When using transfer_task with multi-agent setups, resuming a session fails with:

all models failed: tool_result messages present but none match pending tool_use ids (beta converter)

Root cause

PersistentRuntime.handleEvent intercepts all events from LocalRuntime.RunStream, including events emitted by sub-agents during a task transfer. The problem is that AgentChoiceEvent and AgentChoiceReasoningEvent do not carry a session ID — so persistStreamingContent writes them to sess.ID, which is the parent session.

This creates duplicate messages: once in the parent (incorrectly, via streaming persistence) and once in the sub-session (correctly, via SubSessionCompletedEvent).

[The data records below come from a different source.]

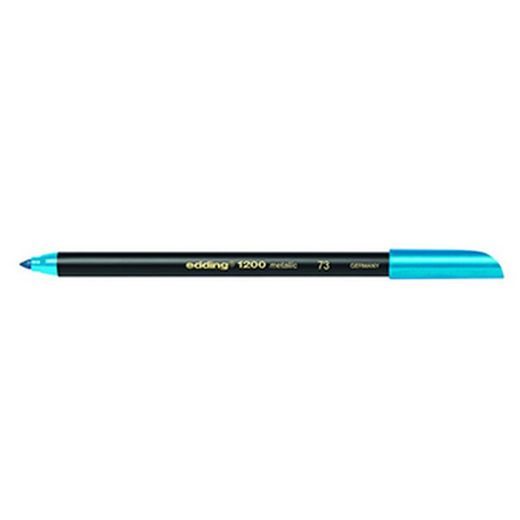 edding 1200 marqueur, le classique intemporel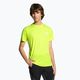 Men's trekking shirt The North Face Reaxion Red Box yellow NF0A4CDW8NT1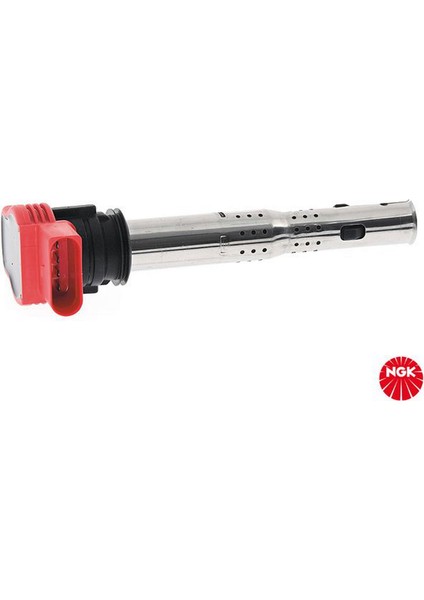 Mtxdpn Ateşleme Bobini (U5014) [ Volkswagen Touareg(7p) 4.2 V8 Fsi 2011- ]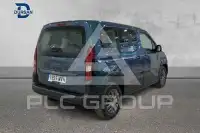 2024 Peugeot Rifter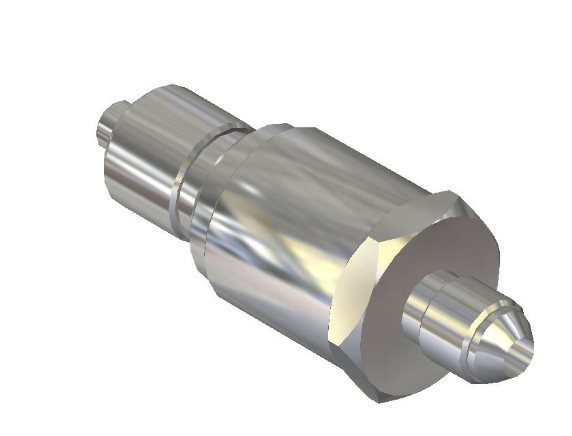  MPM388 pressure sensor (form 1)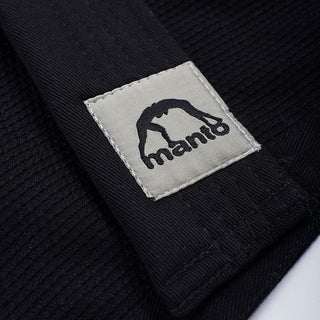 BJJ Gi Manto Base 2.0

When the session is reloaded, GetMessages returns all items where IsMessage() == true without filtering by agent, so the parent's conversation sent to the LLM looks like:

assistant  (root)    → tool_calls: [transfer_task]     ← expects matching tool result next
assistant  (worker)  → "doing work..."                  ← ORPHANED, breaks the pairing
assistant  (worker)  → tool_calls: [shell]              ← ORPHANED, no matching tool result
...
subsession           →                                  ← skipped by GetMessages
tool       (root)    → result for transfer_task         ← LLM can't match this anymore

The LLM provider rejects this because tool_result messages don't match any pending tool_use IDs.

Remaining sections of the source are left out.